You're reading: Antique shop attacked in central Kyiv, allegedly over owner’s activism

Four men dressed in black, wearing gloves and balaclavas covering their faces, walked into an antique shop and poured a can of petrol on its floor on the evening of Dec. 13 in Kyiv’s central Volodymyrska Street.

The shop, called Dukat, belongs to Leonid Komskyi, a gallery owner who is involved in a squatting protest against an illegal privatization.

According to the security guard Volodymyr Brezghur, the four men appeared at about 6 p.m. while the shop was still open. One of the men pulled out a can of petrol from a plastic bag and poured it on the floor.

“The one who was pouring said ‘Tell your boss that this is a warning,’” Brezghur told the Kyiv Post about an hour later at the crime scene, as police inspected it.

Two other men prevented Brezghur and other employees from moving, while the fourth stood at the entrance. The men then walked out, leaving the plastic bag and the empty can behind.

Komskyi is an activist for Kyiv’s historic preservation. But the attack on his antique shop, he says, is another attempt to intimidate him by lawmaker Oles Dovgyi, because of Komskyi’s involvement in the Rechovyi Dokaz (Material Evidence) project.

Gallerist and social activist Leonid Komskyi speaks with the Kyiv Post outside his antique shop that was attacked on Dec. 13, 2018 in Kyiv. (Oleh Petrasiuk)

“I think it this was ordered by Oles Dovgyi,” Komskyi says. “There were threats from some known, and unknown people. Some people would come up and tell me that they heard that he (Dovgyi) is (working) with criminals against us.”

Rechovyi Dokaz is a squatting protest against the illegal privatization of the building on 8B Reitarska Street in Kyiv, which is now subject to a freezing order by the prosecutor’s office. The owners of the building are Oleksandr Hlimbovskyi, the father-in-law of Roman Nasirov, the reinstated head of the State Fiscal Service, and Oksana Guliaieva, Dovgyi’s sister. Both Nasirov and Dovgyi have been investigated on corruption charges, but their cases were closed.

Guliaieva and Dovgyi deny they had anything to do with the attack.

“It’s an attempt (by Komskyi) to use (Dovgyi’s) name to earn some attention for himself,” Guliaieva told the Kyiv Post in response to Komskyi’s accusations about Dovgyi being behind the attack.

“I think they thought this up themselves, because it looks like another of their fabrications. Or this is some sort of a criminal dispute (of Komskyi) – maybe he sold something counterfeit to someone,” Dovgyi told the Kyiv Post.

According to Dovgyi, the activists tried to settle the conflict by buying the building at 8B Reitarska Street for a small sum. He said that he and his sister refused, saying that they will only deal with them within the law.

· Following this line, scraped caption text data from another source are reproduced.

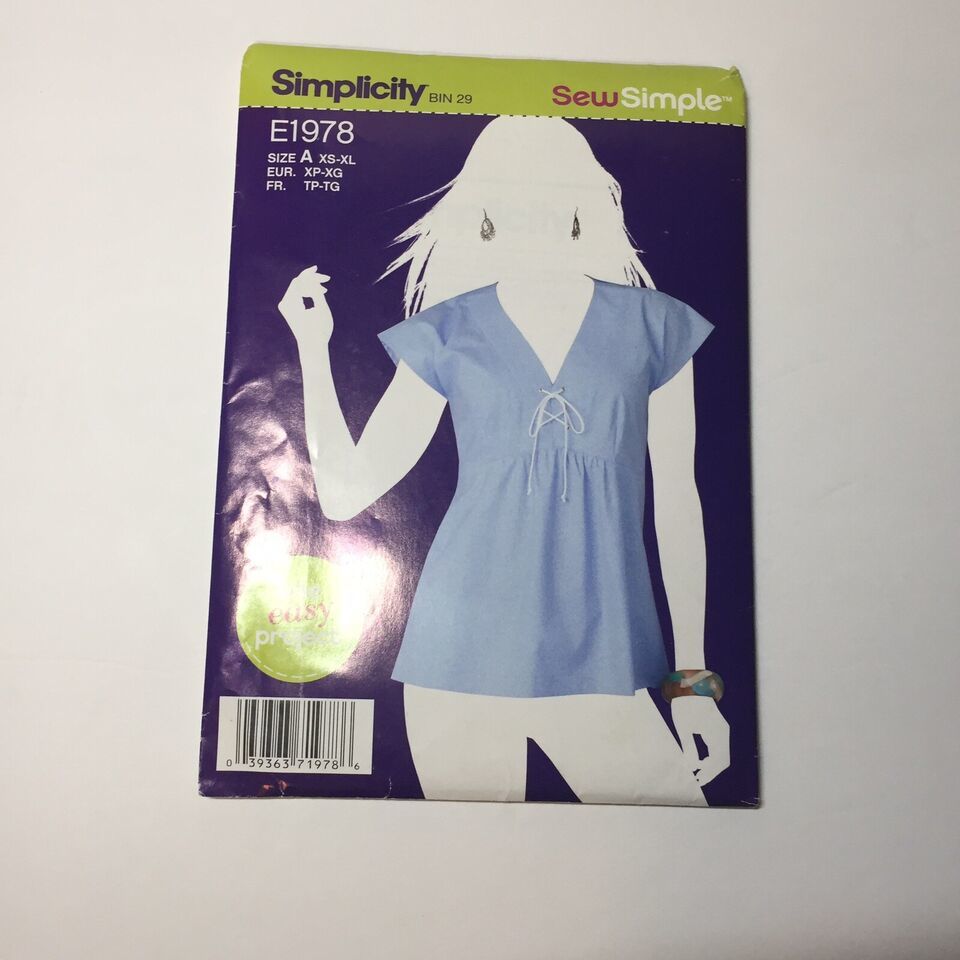 Simplicity 1978 Size xs-xl Misses' Pullover Top - £10.26 GBP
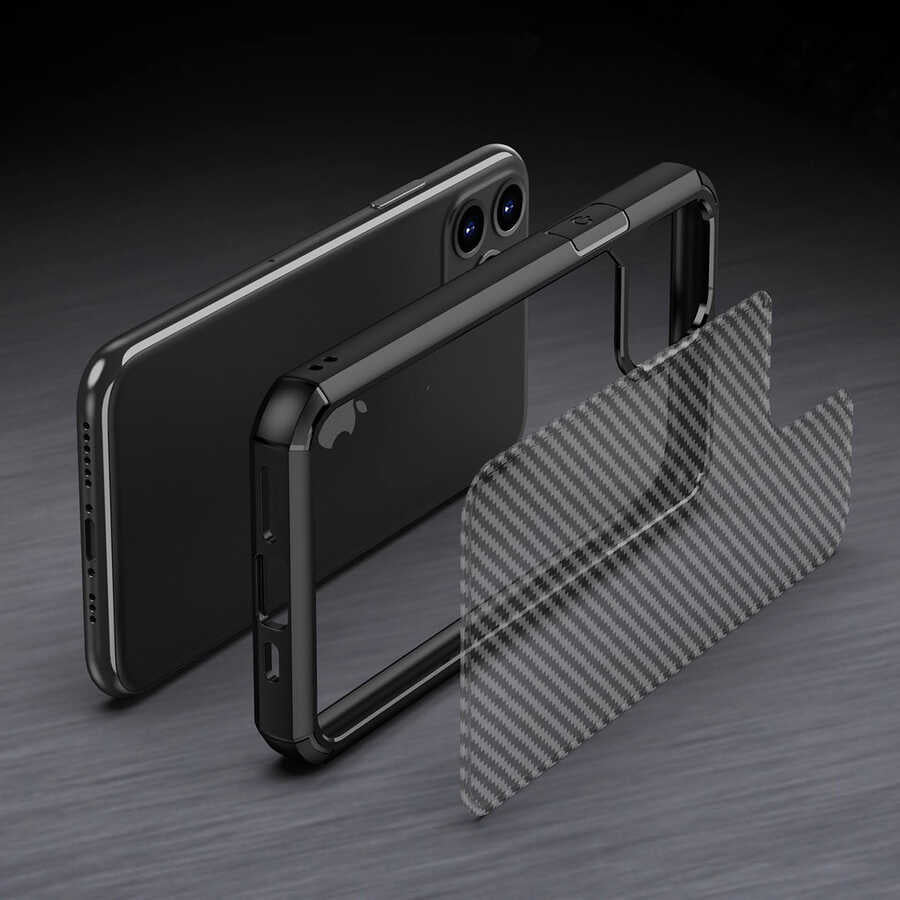 Apple iPhone 11 Kılıf Zore İnoks Kapak Siyah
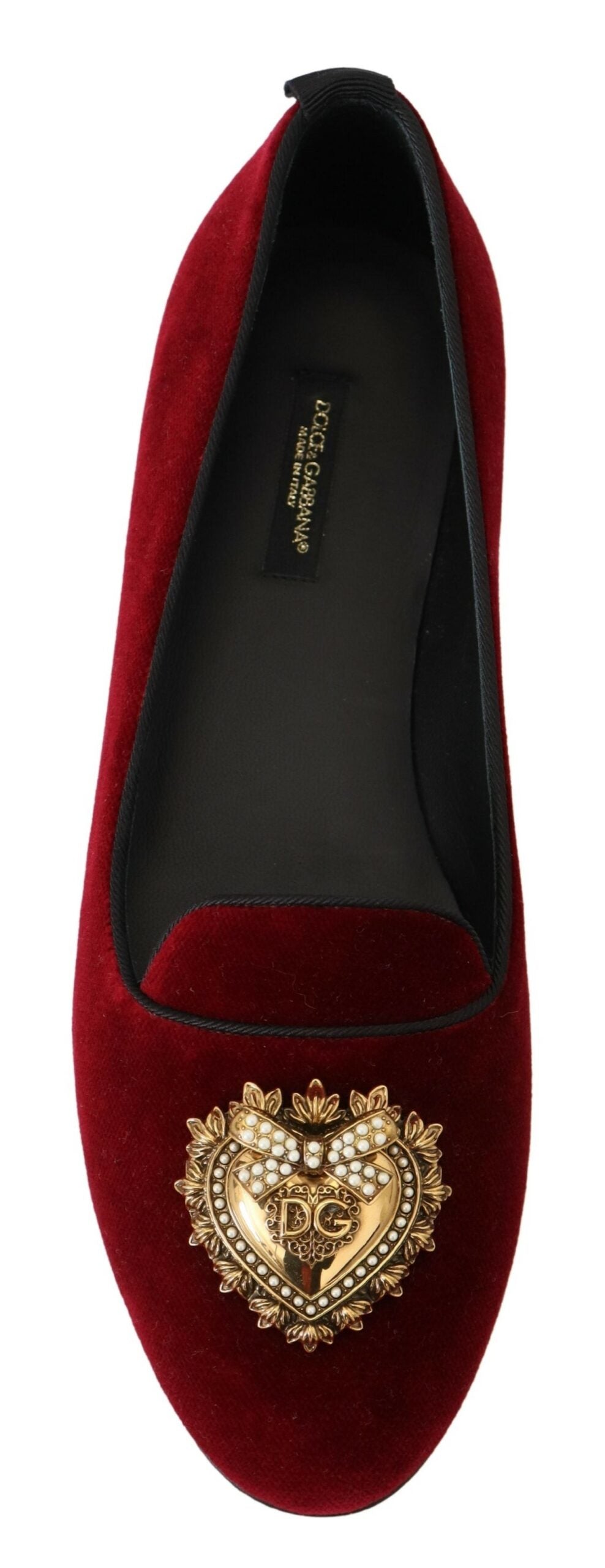 Dolce & Gabbana Bordeaux fluwelen instappers, platte schoenen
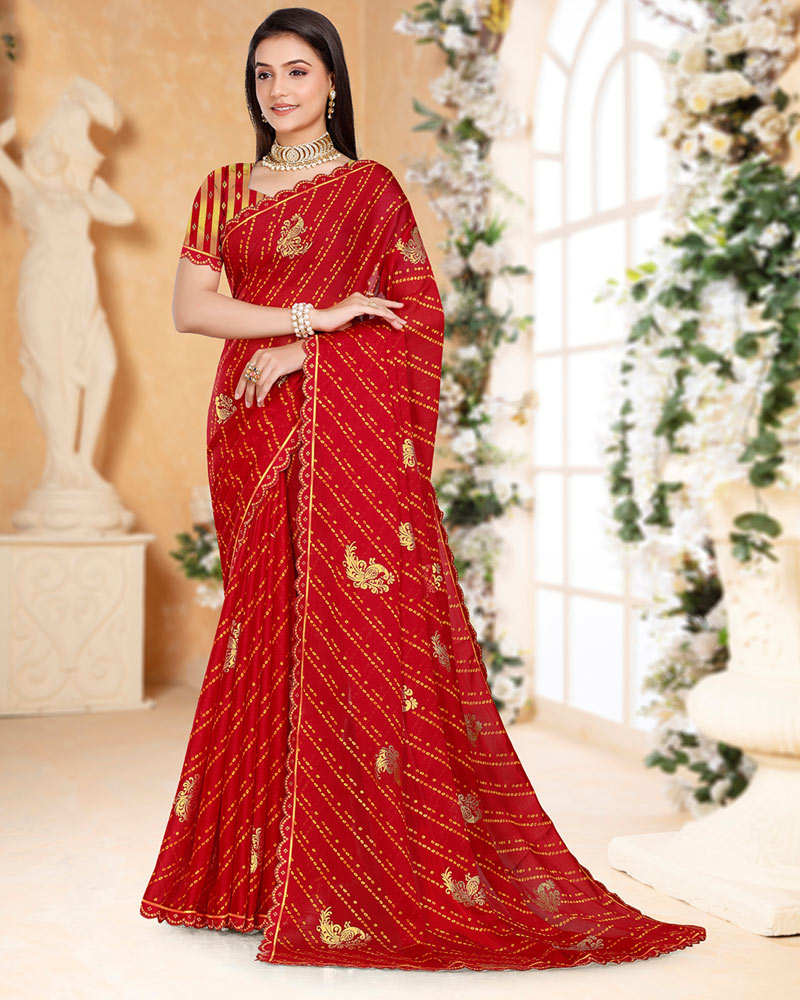 Vishal Prints Dark Red Printed Chiffon Bandhani Print Saree With Foil Print And Cut Work Diamond Border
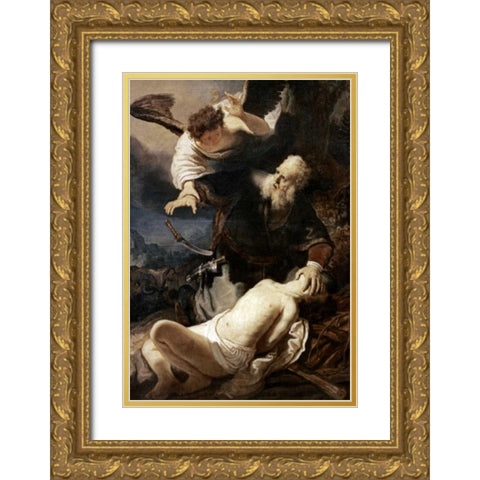 Abraham and Isaac Gold Ornate Wood Framed Art Print with Double Matting by Van Rijn, Rembrandt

“They demand money and drag my reputation through the mud hoping that we will (pay them),” Dovgyi says.

According to the prosecutor’s office, 8B Reitarska Street was unlawfully obtained by the Main Department of Communal Property, the executive body of Kyiv City Council, at an understated price — Hr 4.06 million ($146,397), which is lower than it was worth in 2007-2010. Oles Dovgiy was a secretary of the Kyiv City Council at the time, under the notoriously corrupt and currently exiled mayor Leonid Chernovetskyi.

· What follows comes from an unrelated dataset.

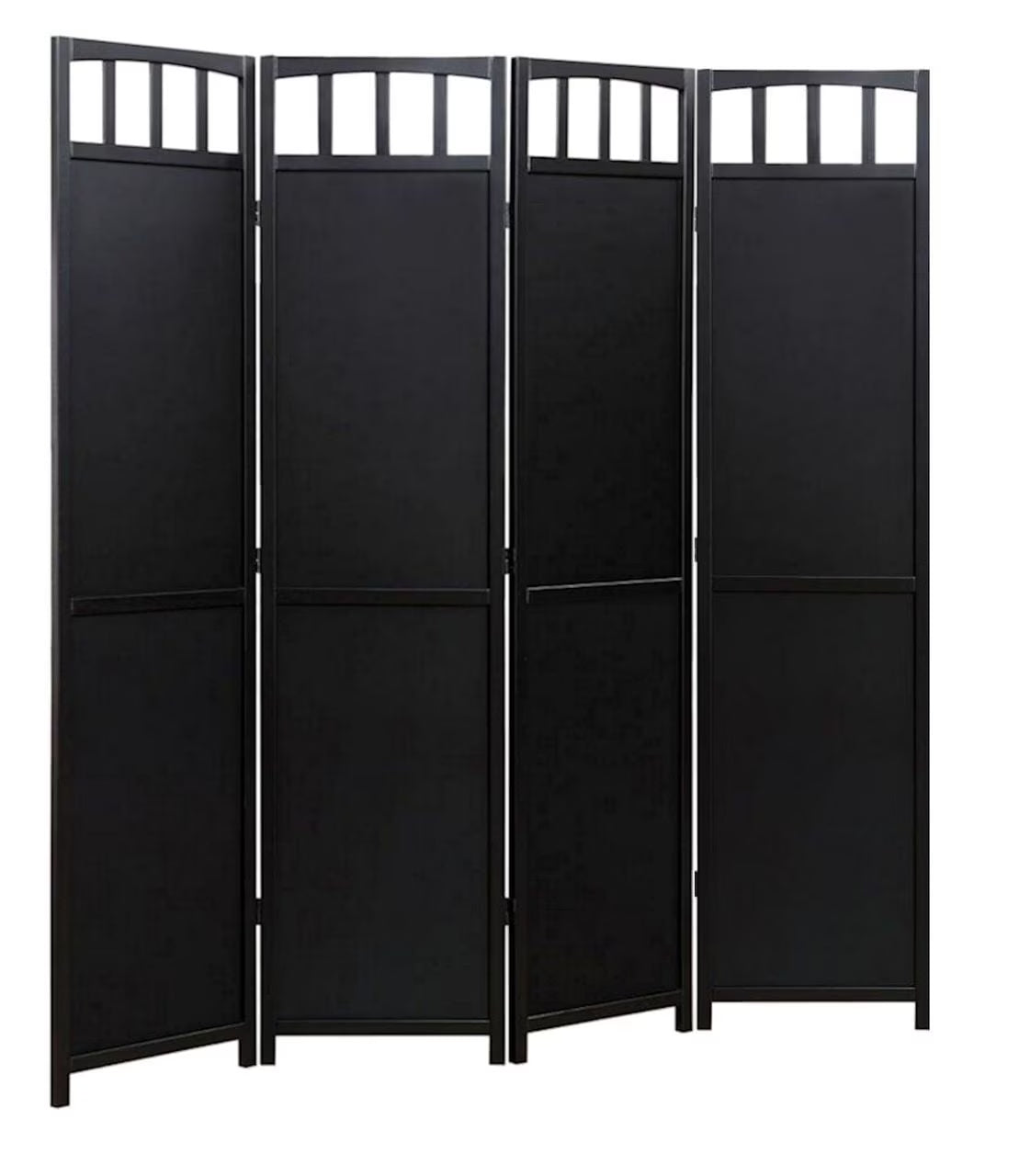 Legacy Decor Solid Wood 4 Panel Room Divider, 70" Tall, Black Finish, Freestanding - Product image 1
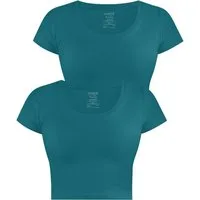 Janice Kurzarmshirt 2 x Damen crop T-Shirt Nantes Kurzes Shirt aus Baumwolle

Hlimbovskyi and Guliaieva are still allowed to use the building while the investigation into the alleged illegal privatization is ongoing, and Komskyi used to rent parts of it from the owners and sublet them to artists and creative businesses.

But after the owners increased the rent charge by several times, Komskyi and the artists occupied parts of 8B Reitarska St. in July and now use it as an art center and venue for cultural events.

One of the activists and commandant of the occupied building, Nazarii Kravchenko, says that he has also received threats from unknown individuals, who introduced themselves as “people of Vyacheslav Konstantinovsky,” another lawmaker.

“They said they will deal with this issue now (occupation of 8B Reitarska Street.) And that if we won’t stop squatting there, they will ‘punish us with force,’ me and Leonid (Komskyi). There’s been the first ‘salute’ to Leonid, and now I’m waiting for my turn.”

Kravchenko says the intimidation of Komskyi is in line with this year’s recent attacks on activists around Ukraine, such as the attacks on Serhiy Sternenko, the former head of the Odesa branch of the nationalist Right Sector political organization, and Kateryna Gandziuk, an anti-corruption activist and local council member from Kherson.

“We don’t have a moral right to bend before criminals and this construction mafia, which will try to intimidate us and break our active position,” Kravchenko says.

“My friend Kateryna Gandziuk died. I have no moral right to stop fighting for justice.”